Both Northern Ireland’s Democratic Unionist Party (DUP) and the eurosceptic party Ukip have made hostile statements about the continued existence of the BBC in its current form in recent days.
With both of the parties set to have as many as a dozen MPs between them and polls indicating that the Conservatives are unlikely to gain a majority, a right-wing coalition is a possibility after the election.
The DUP today said it would demand that a Royal Commission be set up to review the Corporation’s Royal Charter as part of coalition negotiations.
In an opinion piece published in the Guardian newspaper the party’s leader Nigel Dodds said he was angry that the SNP had been included in television leaders debates but not his party.
“My party believes that pro-union politicians from all parties must behave responsibly in the next parliament when it comes to addressing the challenge posed by the SNP,” he wrote.

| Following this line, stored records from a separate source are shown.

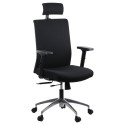 Ergonomiczne krzesło RIVERTON F/H Stema do biurka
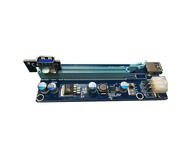 Джаджи Makki Mining Riser/Extender PCI Express 1x to 16x v.1701A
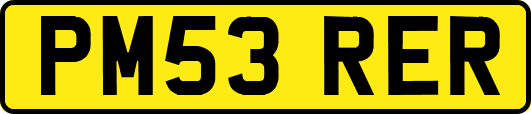 PM53RER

“One key thing we need to do is ensure the BBC does not exert such a distorting influence on British politics in this way again.”
The Royal Charter governs the purpose and direction of the BBC and shapes what services it can provide and in what manner.

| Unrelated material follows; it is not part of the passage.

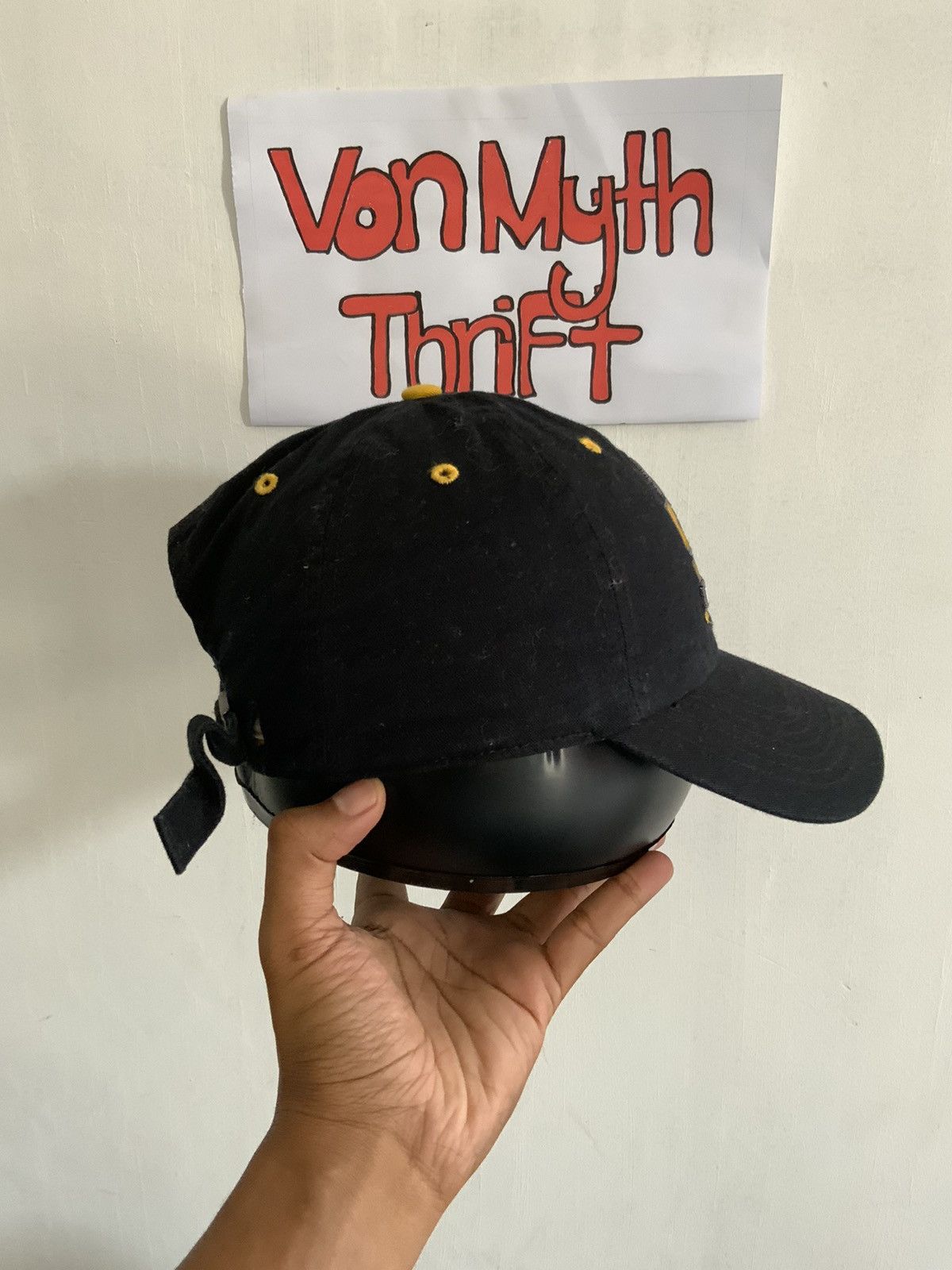 Vintage Y2k Superbowl Archive NFL Hat Size ONE SIZE - 4 Thumbnail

Nigel Farage, the leader of Ukip, said last week that he wanted the BBC “cut back to the bone” and turned into a public service broadcaster which no longer produced popular entertainment programming.
“I would like to see the BBC cut back to the bone to be purely a public service broadcaster with an international reach, and I would have thought you could do that with a licence fee that was about a third of what it currently is,” he told a public meeting in Rochester on Wednesday 22.
The DUP currently has eight seats in the House of Commons; polls of marginal constituencies suggest Ukip could be on course to win anywhere between one and seven representatives at Westminster.
This weekend a senior Conservative minister is reported to have told The Sun on Sunday newspaper: “Don’t worry, we’ll sort them out after the election,” referring to the BBC.
The Conservatives manifesto already includes a provision to freeze the licence fee, a real terms cut in the Corporation’s funding.
In the event of a broader coalition with the Liberal Democrats the Corporation also faces having its licence fee frozen, a policy the two parties agree on.